[Short descriptive text snippets]
☆ ☆ ☆ ☆ ☆
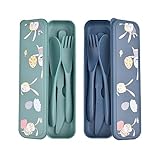 Besteck Set 2 Personen mit Süßes Kaninchenmuster, Campingbesteck & Reisebesteck - Robust, Tragbar und Wiederverwendbar, Reisebesteck mit Etui für Camping Geburtstagsfeier Schule Arbeiten (Blau + Grün)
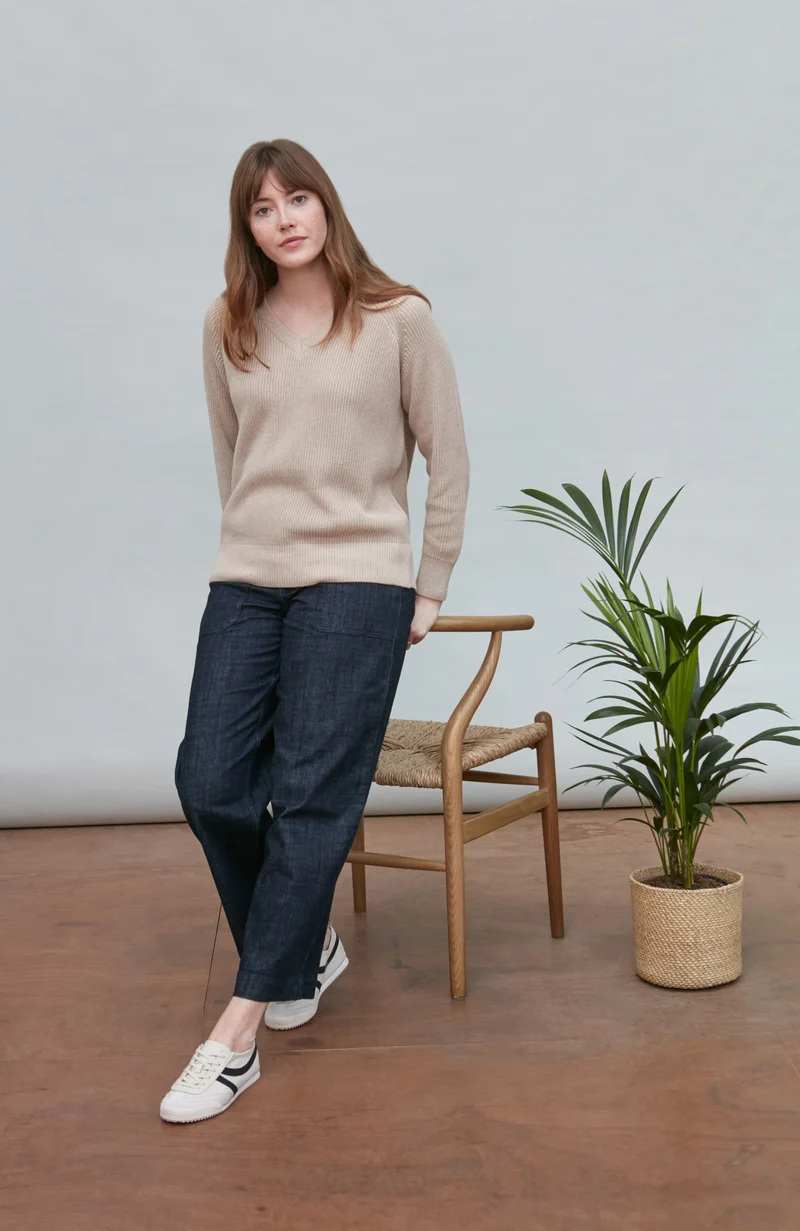 Womens Cotton Ribbed V Neck Jumper
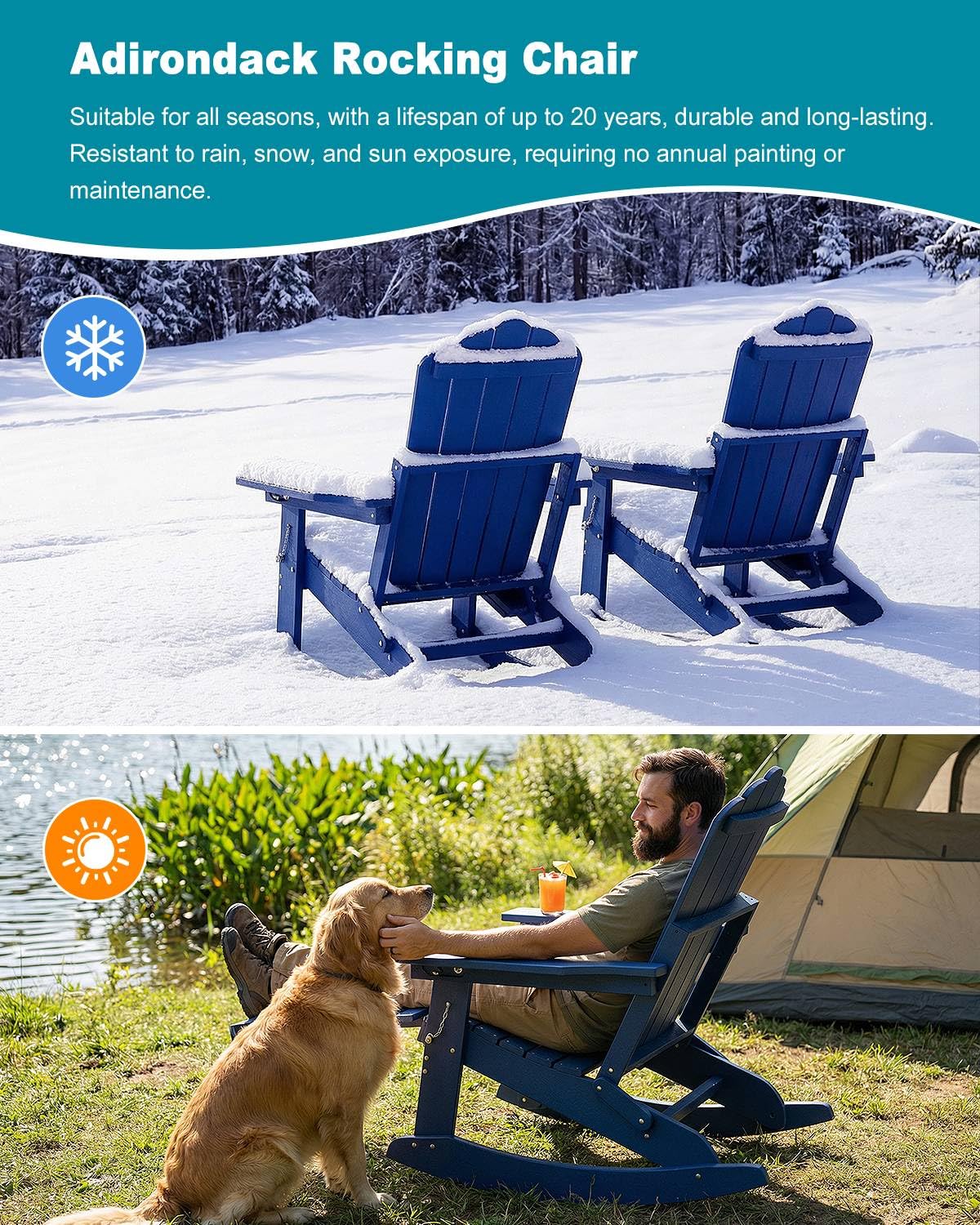 Folding Adirondack Rocking Chair with Ottoman K661456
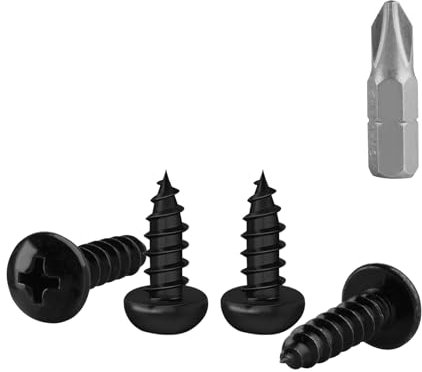 150 Pcs M4 Vis Bois Autotaraudeuses à Tête Bombée, Vis à Bois Noires, Visser Autoperceuses, Visser à Tête Ronde Cruciforme pour Meubles Métal, M4x10mm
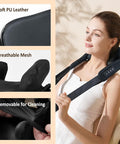 Cordless Neck Massager With Heat, 4D Deep Tissue Kneading Massage, Shiatsu Neck And Shoulder Massage Pillow For Neck, Traps, Back And Leg Pain Relief, Gifts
☆ ☆ ☆ ☆ ☆
Set down the records exactly, without the pictures.

 Besteck Set 2 Personen mit Süßes Kaninchenmuster, Campingbesteck & Reisebesteck - Robust, Tragbar und Wiederverwendbar, Reisebesteck mit Etui für Camping Geburtstagsfeier Schule Arbeiten (Blau + Grün)
 Womens Cotton Ribbed V Neck Jumper
 Folding Adirondack Rocking Chair with Ottoman K661456
 150 Pcs M4 Vis Bois Autotaraudeuses à Tête Bombée, Vis à Bois Noires, Visser Autoperceuses, Visser à Tête Ronde Cruciforme pour Meubles Métal, M4x10mm
 Cordless Neck Massager With Heat, 4D Deep Tissue Kneading Massage, Shiatsu Neck And Shoulder Massage Pillow For Neck, Traps, Back And Leg Pain Relief, Gifts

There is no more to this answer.